Factory workers in the U.S. will be paid 58 times those in Indonesia in five years, according to the Economist Intelligence Unit. If that seems like a big difference, consider this: U.S. wages are 76 times Indonesia’s today.
Hourly manufacturing wages in the U.S. will rise 12 percent to $42.82 by 2019, according to the EIU. While Indonesia's wages are forecast to increase at a much faster pace -- gaining 48 percent -- they would still only be 74 cents an hour in five years. That's way lower than China’s $4.79, Vietnam's $3.16 and the Philippines's $3.15.
Indonesia is trying to establish its manufacturing credentials in an increasingly competitive neighborhood, with countries including Vietnam and the Philippines also fighting to woo investors looking for alternatives to a pricier China.
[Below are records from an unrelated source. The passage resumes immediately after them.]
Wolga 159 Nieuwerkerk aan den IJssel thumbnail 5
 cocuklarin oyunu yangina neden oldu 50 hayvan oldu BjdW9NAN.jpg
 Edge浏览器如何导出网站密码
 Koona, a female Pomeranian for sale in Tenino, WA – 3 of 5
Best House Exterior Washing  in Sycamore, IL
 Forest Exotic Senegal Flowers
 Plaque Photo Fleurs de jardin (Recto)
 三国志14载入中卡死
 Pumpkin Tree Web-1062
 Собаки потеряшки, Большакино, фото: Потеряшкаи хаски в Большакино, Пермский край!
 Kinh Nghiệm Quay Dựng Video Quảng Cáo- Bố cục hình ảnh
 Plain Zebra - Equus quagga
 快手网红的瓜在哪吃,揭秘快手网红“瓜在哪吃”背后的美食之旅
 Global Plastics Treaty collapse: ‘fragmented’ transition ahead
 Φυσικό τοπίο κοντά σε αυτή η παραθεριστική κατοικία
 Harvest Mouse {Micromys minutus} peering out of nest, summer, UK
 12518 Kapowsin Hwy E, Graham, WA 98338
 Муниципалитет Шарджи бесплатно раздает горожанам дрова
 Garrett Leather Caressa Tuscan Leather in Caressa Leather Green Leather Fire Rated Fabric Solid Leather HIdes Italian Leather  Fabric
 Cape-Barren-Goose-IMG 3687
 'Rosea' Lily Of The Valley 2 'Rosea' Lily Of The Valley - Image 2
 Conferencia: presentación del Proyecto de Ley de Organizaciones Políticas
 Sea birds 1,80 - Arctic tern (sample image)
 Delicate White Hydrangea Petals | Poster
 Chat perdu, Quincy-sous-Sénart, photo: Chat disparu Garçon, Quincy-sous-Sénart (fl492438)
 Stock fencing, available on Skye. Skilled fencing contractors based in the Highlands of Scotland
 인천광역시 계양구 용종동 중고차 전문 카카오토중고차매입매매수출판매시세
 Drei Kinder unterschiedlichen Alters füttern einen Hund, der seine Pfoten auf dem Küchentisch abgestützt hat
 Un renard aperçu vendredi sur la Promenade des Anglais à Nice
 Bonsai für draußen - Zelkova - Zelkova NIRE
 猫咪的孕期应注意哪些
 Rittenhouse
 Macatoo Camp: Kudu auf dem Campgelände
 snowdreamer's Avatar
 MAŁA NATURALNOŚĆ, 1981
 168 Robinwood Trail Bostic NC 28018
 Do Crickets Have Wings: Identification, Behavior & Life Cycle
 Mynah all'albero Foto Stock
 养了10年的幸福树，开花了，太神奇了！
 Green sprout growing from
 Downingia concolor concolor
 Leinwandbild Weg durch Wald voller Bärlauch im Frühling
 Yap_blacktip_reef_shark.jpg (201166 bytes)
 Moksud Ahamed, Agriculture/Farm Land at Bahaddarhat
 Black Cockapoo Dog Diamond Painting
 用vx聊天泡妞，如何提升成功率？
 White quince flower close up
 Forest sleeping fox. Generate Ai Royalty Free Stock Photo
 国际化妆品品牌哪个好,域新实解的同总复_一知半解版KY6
Indonesia’s government has faced pressure to raise wages. Thousands of workers protested in Jakarta in December as part of a nationwide strike for higher pay after President Joko Widodo raised fuel prices.
The one factor in manufacturers' favor: the young populations in Indonesia, the Philippines and Vietnam may help keep a lid on wage growth.
“Manufacturing labor costs are already higher in China than in India, Indonesia and Vietnam -— countries often cited as well-placed to benefit from rising Chinese prices,” the EIU said in a report. “This disparity will widen further in the coming years, as wage growth in these countries is kept down by strong expansion in labor supply.”
That’s good news for Indonesia, if it can keep its workers happy.